Sabemos então que pede. E porque sarapinta, grafita, as paredes e as superfícies num código que parece uma língua nova?

Fâ-lo para se orientar, para cartografar os seus destinos, como mnemónica dos pontos de referência, nesse seu novo mundo, de que é cidadão, sem autorização para o ser.
Afinal o que parecia no princípio vir a ser uma história com potencial, não é mais do que uma pequena notícia, uma nota de rodapé.
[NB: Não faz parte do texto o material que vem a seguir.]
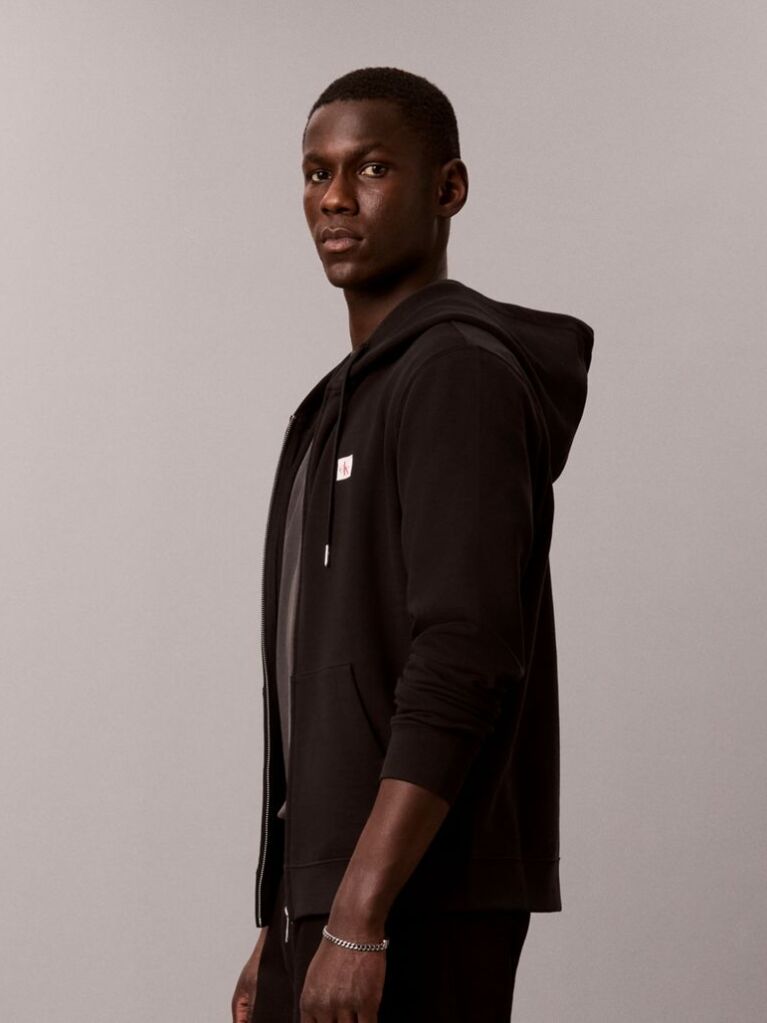 Black Sueded Terry Zip-Thru Drawstring Hoodie  Men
Como enganam as coisas.

Vamos reescrever, para que fique claro e se encerre este assunto:

Um refugiado da África sub-shariana ainda assim desértica e inóspita, recolhido perto da ilha italiana de Lampedusa, em estado de avançada sub-nutrição, como quase todos se apresentam, foi recolhido pelas forças marítimas e policiais portuguesas a actuarem no mediterrâneo, ao abrigo de um acordo multilateral europeu de cooperação.
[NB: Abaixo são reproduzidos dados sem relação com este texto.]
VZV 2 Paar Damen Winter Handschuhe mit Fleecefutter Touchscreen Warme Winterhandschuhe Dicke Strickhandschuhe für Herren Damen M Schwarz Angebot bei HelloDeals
Em visita às forças, no local, o ministro da Administração Interna (não sem que antes tenha telefonado ao primeiro ministro a saber se podia), autorizou o acolhimento desde jovem homem com feições tranquilas. Anunciou-o nos jornais televisivos, acompanhado, a seu lado e limpo, do homem, que não sabia ao que estava.
Ao chegar a Lisboa, depois de sair na 
porta de saída do aeroporto, ficou por sua conta, e não estando as televisões para o receber, também não havia mais necessidade de dispêndios de tempo e energias e trabalhos, com este ser anónimo e desinteressante que nem a nossa língua fala.

Os funcionários foram à sua vida, e deixaram-lhe todas as opções em aberto. Fizesse bom uso do senso e da razão e poderia chegar a ser um refugiado exemplar.

Não se sabe se ainda está em Portugal, ou usou maldosamente a nossa hospitalidade para se servir como plataforma de salto para um dos países ricos e fartos da europa do norte.



Ou a Câmara toma definitivamente uma atitude forte relativamente ao vandalismo provocado nas paredes dos edifícios, uma poluição visual inaceitável, ou a cidade arrisca a perder fluxos turísticos. O presidente constituiu uma comissão de análise, esperando-se para breve uma nota sua.